Nous devons également renouer avec une véritable stratégie de valorisation des filières, en amont et en aval, et investir davantage dans l’innovation et la recherche pour redonner du souffle et des perspectives d’avenir à notre industrie qui décroche. Malheureusement, ce texte nous semble archaïque. Il poursuit deux objectifs : d’une part, garantir que des sites industriels rentables ne puissent être fermés pour des raisons stratégiques et financières sans que tout ait été fait pour trouver un repreneur et, d’autre part, favoriser l’actionnariat de long terme.

Je me concentrerai sur le premier de ces deux volets. L’article 1er de ce texte consiste à alourdir considérablement les contraintes qui pèsent sur les entreprises souhaitant fermer l’un de leurs établissements, avant d’ouvrir une phase juridictionnelle au cours de laquelle l’employeur qui aurait refusé des offres de reprise se retrouverait lourdement sanctionné – la pénalité pouvant atteindre 20 SMIC par emploi supprimé, dans la limite de 2 % du chiffre d’affaires annuel de l’entreprise.

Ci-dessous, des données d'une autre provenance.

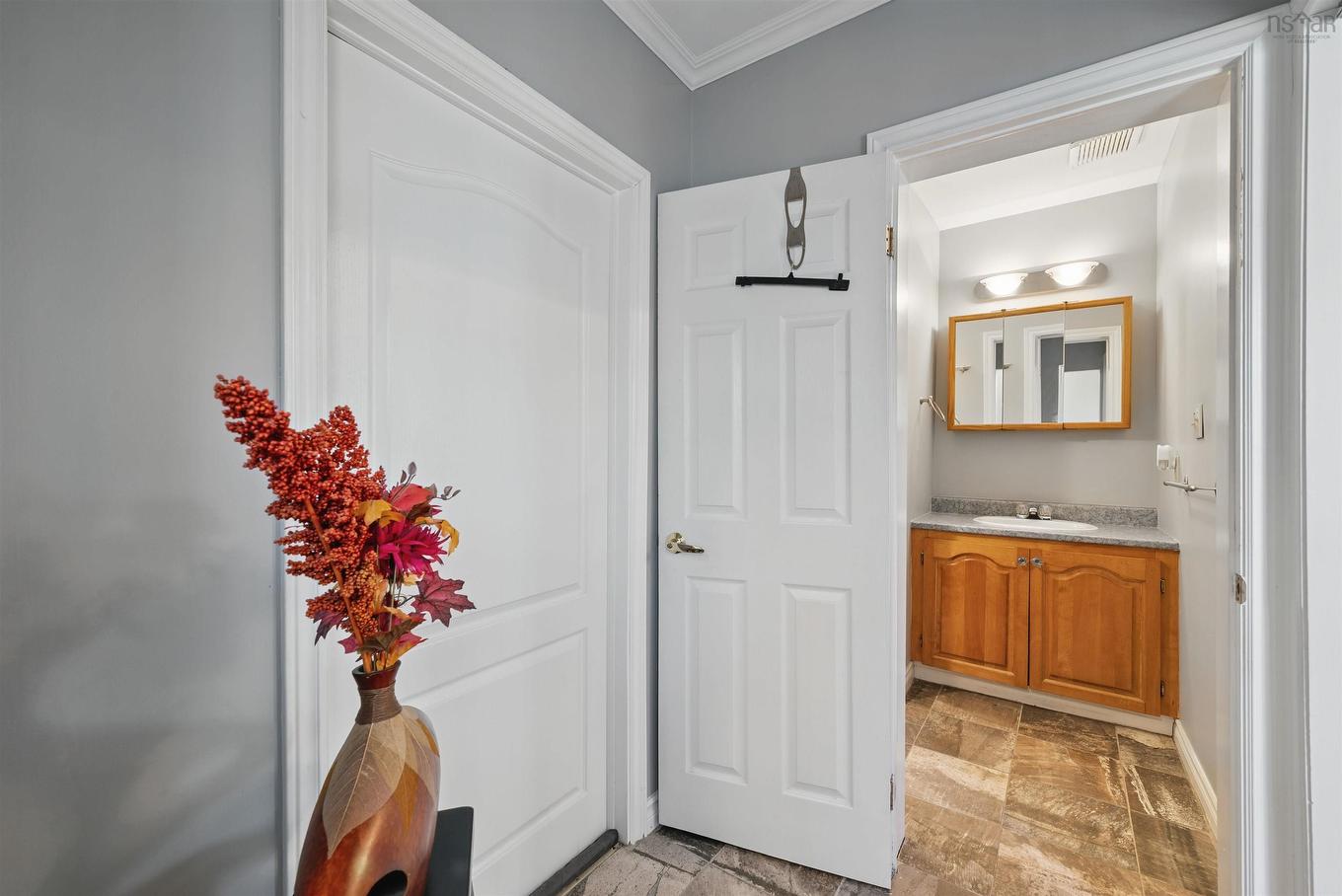 5526 Charles Street, Halifax, NS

Ce dispositif ne permettra pas de maintenir l’activité, hélas. Si le texte avait été en vigueur au moment de l’affaire Mittal, l’issue aurait-elle été différente ou plus favorable pour les salariés du site ? Très probablement, non. Il suffit d’avoir quelques rudiments de compréhension de l’économie pour s’en rendre compte. Par ailleurs, l’impact négatif des nouvelles obligations et sanctions prévues dans cet article serait de nature à peser bien plus lourdement sur l’ensemble de l’économie que les quelques bénéfices imaginaires tirés d’un raisonnement archaïque !

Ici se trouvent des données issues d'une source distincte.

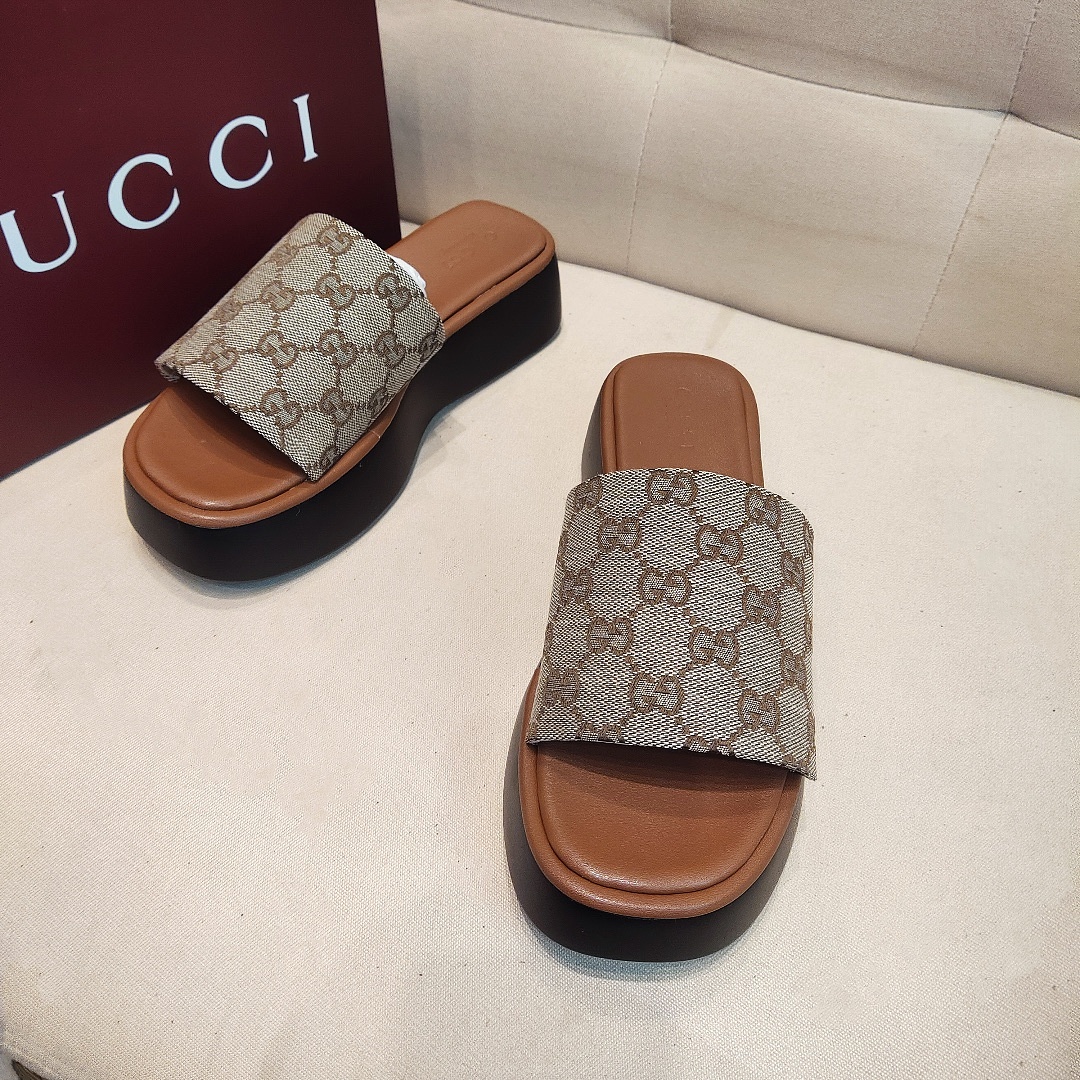 Gucci North Platform Slide Sandal · AKD5 — תמונה 5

Nous nous étonnons de votre volonté délibérée de ne pas mener d’étude d’impact sur le dispositif que vous proposez. Cherchez-vous donc à cacher un résultat qui ne peut qu’être négatif ? Nous nous étonnons également que vous reveniez sur les conditions d’examen des offres de reprise des sites qui envisagent une fermeture, alors même que le sujet avait été traité dans le cadre de l’accord national interprofessionnel du mois de janvier 2013, dans son article 12. Vous vous apprêtez déjà à alourdir la législation, quand l’ensemble des acteurs économiques du pays vous demandent plus de stabilité normative, conformément au choc de simplification annoncé et toujours attendu à ce jour.

Les obligations nouvelles et les sanctions que vous faites peser sur les dirigeants d’entreprise dans le cadre de la recherche d’un repreneur sont juridiquement fragiles, inutiles en termes de sauvegarde d’emplois et dangereuses économiquement.

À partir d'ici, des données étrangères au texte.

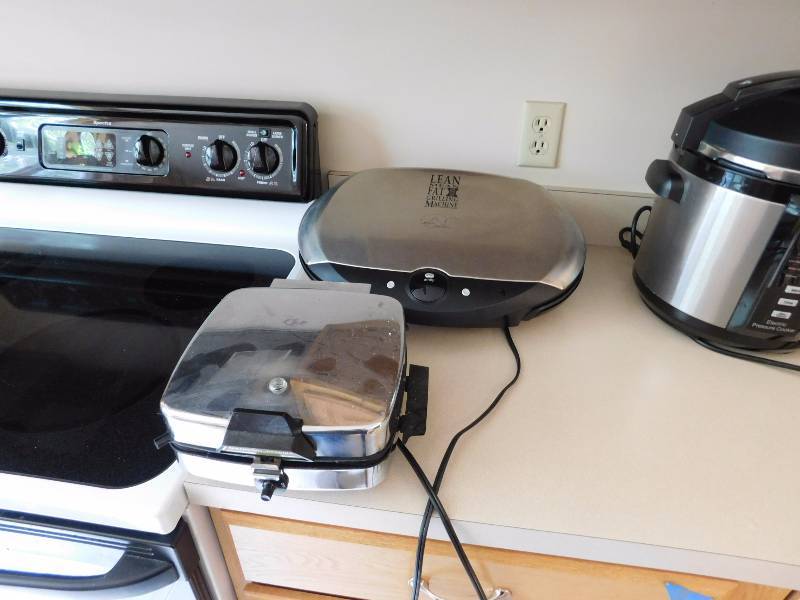 lot 243 image: George Forman Grill and wafflemaker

Fragiles, d’abord, car si le Conseil d’État et nos travaux parlementaires ont permis de corriger les failles les plus flagrantes de votre dispositif, un grand nombre d’imprécisions restent encore à lever, et nous craignons que votre texte ne soit une nouvelle source de contentieux et un nouveau facteur de judiciarisation de l’économie – le Conseil constitutionnel ne manquera pas de vous le rappeler.

Inutiles en termes de sauvegarde d’emplois, ensuite, car de l’aveu même des rapporteurs, les sanctions ne concerneront qu’un nombre marginal de sites alors que les nouvelles contraintes s’imposent à tous. En alourdissant les procédures et les délais, ce texte pourrait avoir des conséquences contre-productives à l’égard d’éventuels repreneurs, dissuadés par la lourdeur de ces nouvelles contraintes.